Apple, Google, and Amazon blacklisted Parler in January, with Amazon forcing the entire site to go down until it managed to arrange an alternative web-hosting solution to replace Amazon Web Services. The moves were based on the internet companies’ claims that Parler took insufficient action to remove user comments that supposedly contributed to the January 6 riot on Capitol Hill.

The website returned with updated community guidelines Parler said were “designed to enable productive, polite discourse among people with differing interests, life experiences, and viewpoints,” but Apple said in March they didn’t go far enough.

On Monday, however, Apple announced that Parler will be returning to the App Store next week, in response to a letter on the subject by Republican Sens. Mike Lee of Utah and Ken Buck of Colorado, which said the companies’ actions “seem to lack any of the procedural fairness typically afforded in the case of an alleged breach of contract create the appearance of close coordination.”

Without walking back its original decision, Apple claims that “substantial conversations with Parler in an effort to bring the Parler app into compliance” led to pledges on Parler’s end that finally meet with Apple’s approval.

“Parler has, and will always be, a free and open forum where users could engage in the free exchange of ideas in the full spirit of the First Amendment to the United States Constitution,” Parler interim CEO Mark Meckler said of the development. “We have worked to put in place systems that will better detect unlawful speech and allow users to filter content undesirable to them, while maintaining our strict prohibition against content moderation based on viewpoint.”

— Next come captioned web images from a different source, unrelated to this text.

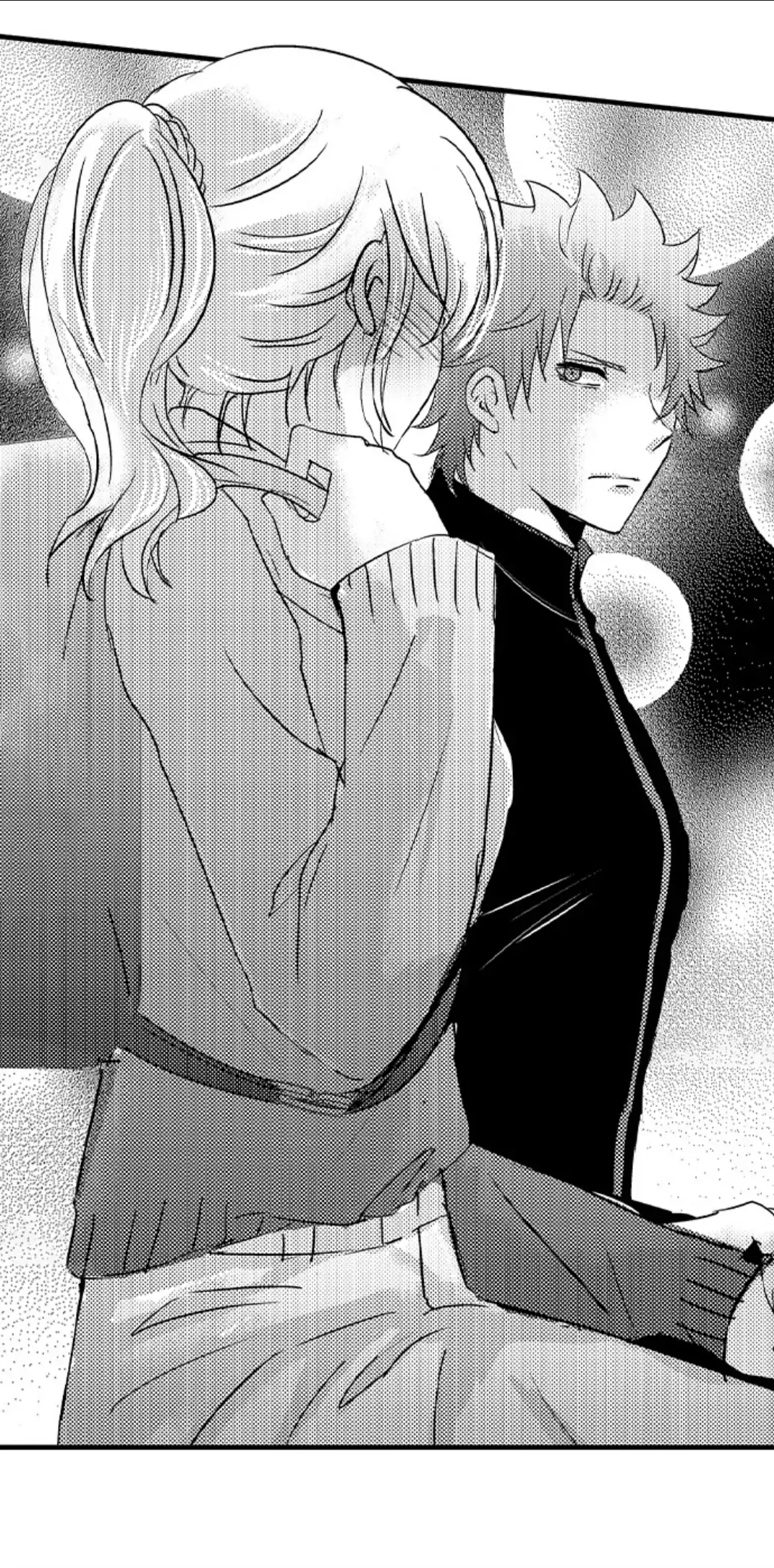 Amai Choubatsu - Watashi wa Kanshu Sen'you Pet Chapter 237 - page 10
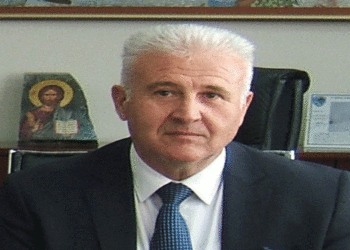 Μήνυμα του Αντιπεριφερειάρχη Φλώρινας για την Παγκόσμια Ημέρα Εξάλειψης της Βίας Κατά των Γυναικών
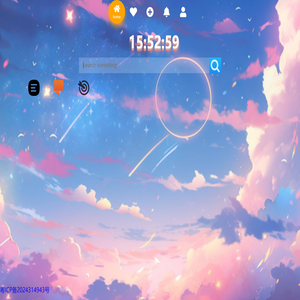 e3xplolt导航栏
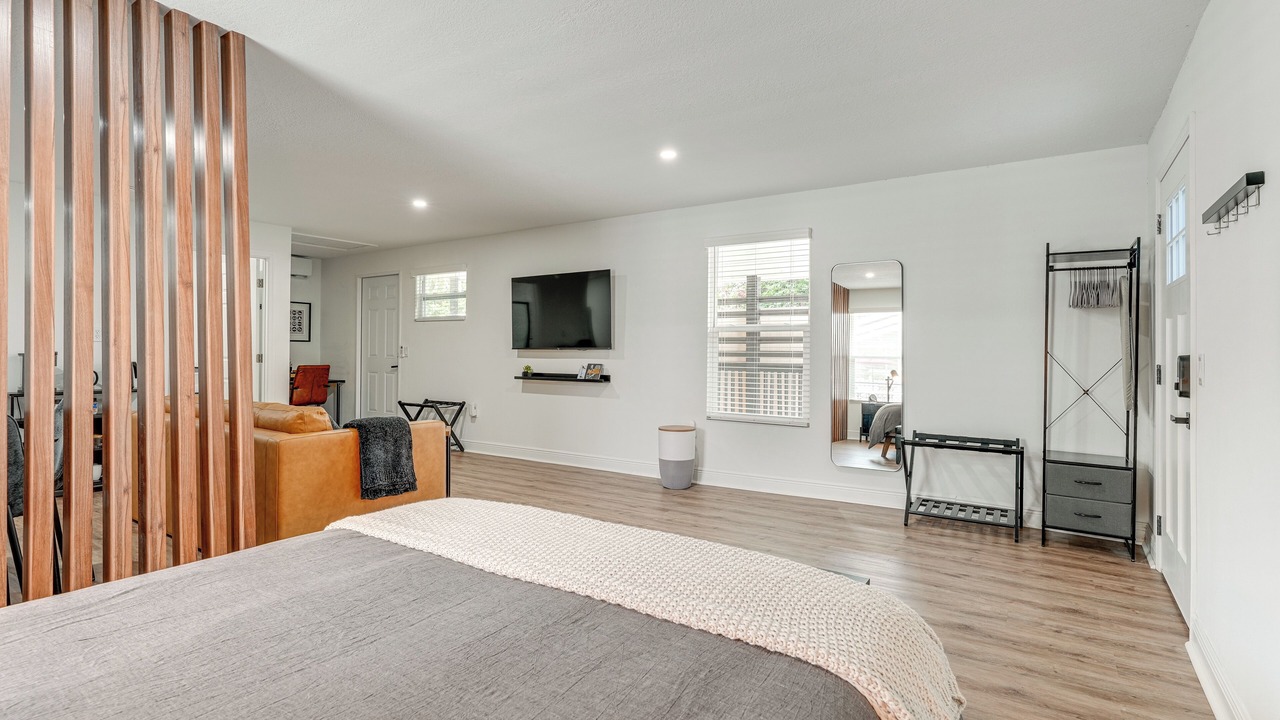 Photo of Bedroom in Lakeland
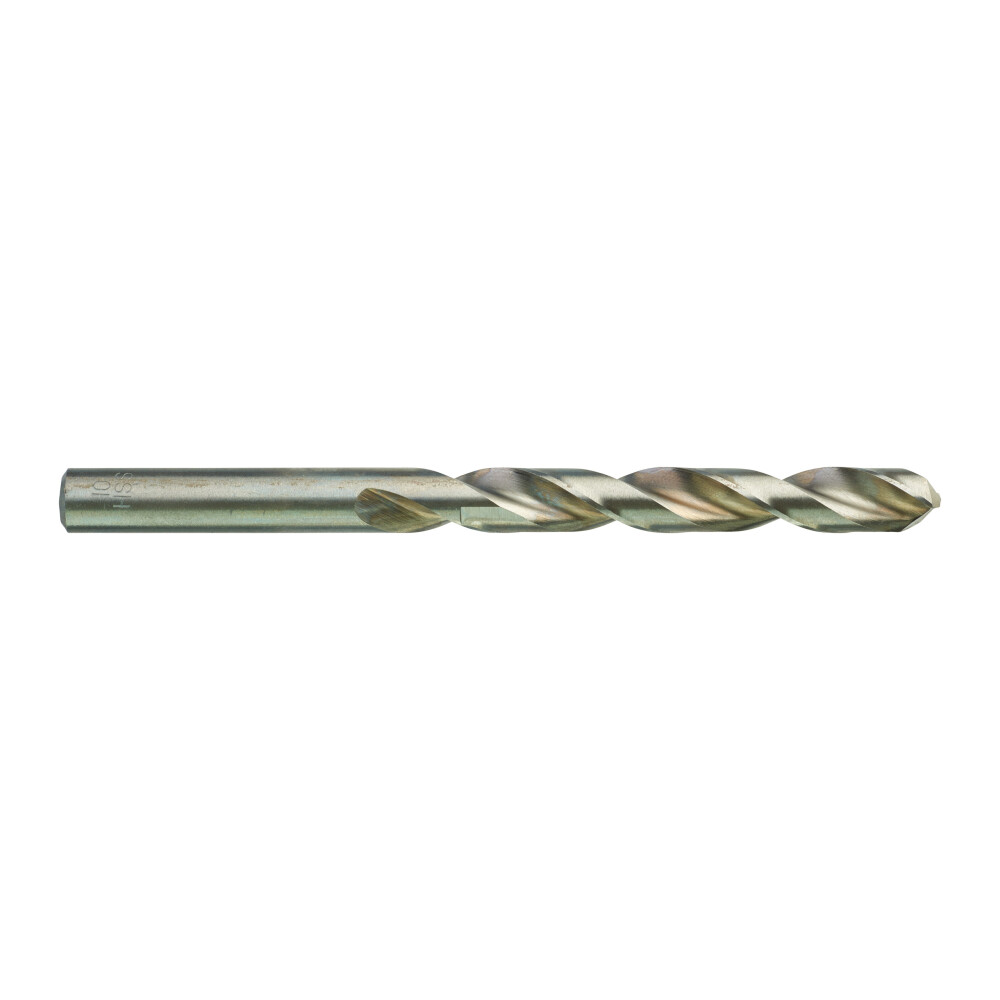 Milwaukee® Metaalboor 10X133Mm Hss-G - Afbeelding 3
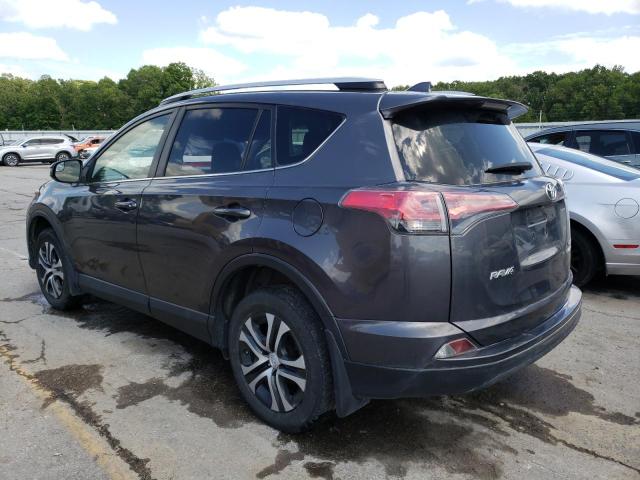 Photo 2 from auction – 2016 TOYOTA RAV4 LE with VIN JTMBFREV7GJ094821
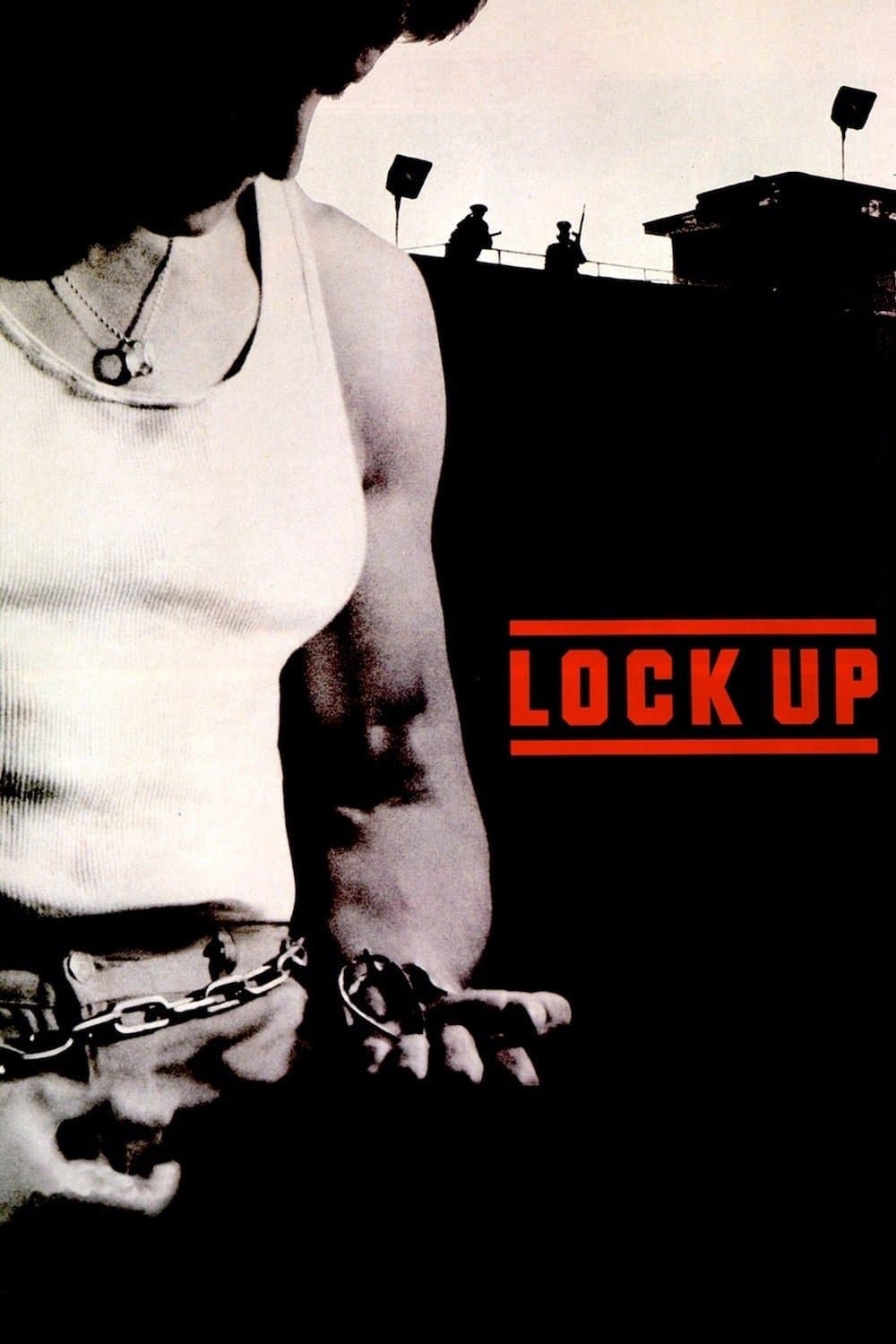 Lock Up photo
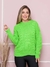 Imagem do Blusa de Frio Manga Longa Tricô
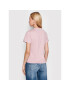 Guess Тишърт Chryssa V2YI04 I3Z11 Розов Regular Fit - Pepit.bg
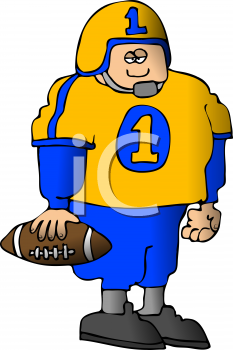 Sport Clipart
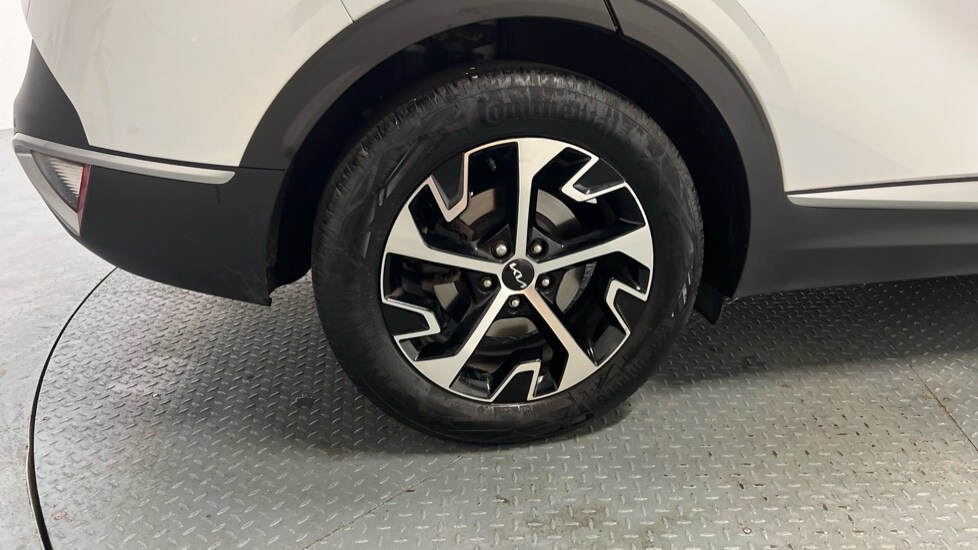 Used Kia Sportage 2023 for sale - 76534014: Photo 36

During the blacklisting, Apple users who already knew of or were interested in Parler could still access the social network on their iPhones or iPads via their preferred mobile web browser. But the blacklisting prevented the use of a version of the platform optimized for mobile devices, prevented potential newcomers from discovering it on their own while browsing the App Store, and stigmatizes the service despite the fact that more mainstream platforms were used far more by the so-called Capitol Hill “insurrectionists,” according to the federal government’s own charging documents.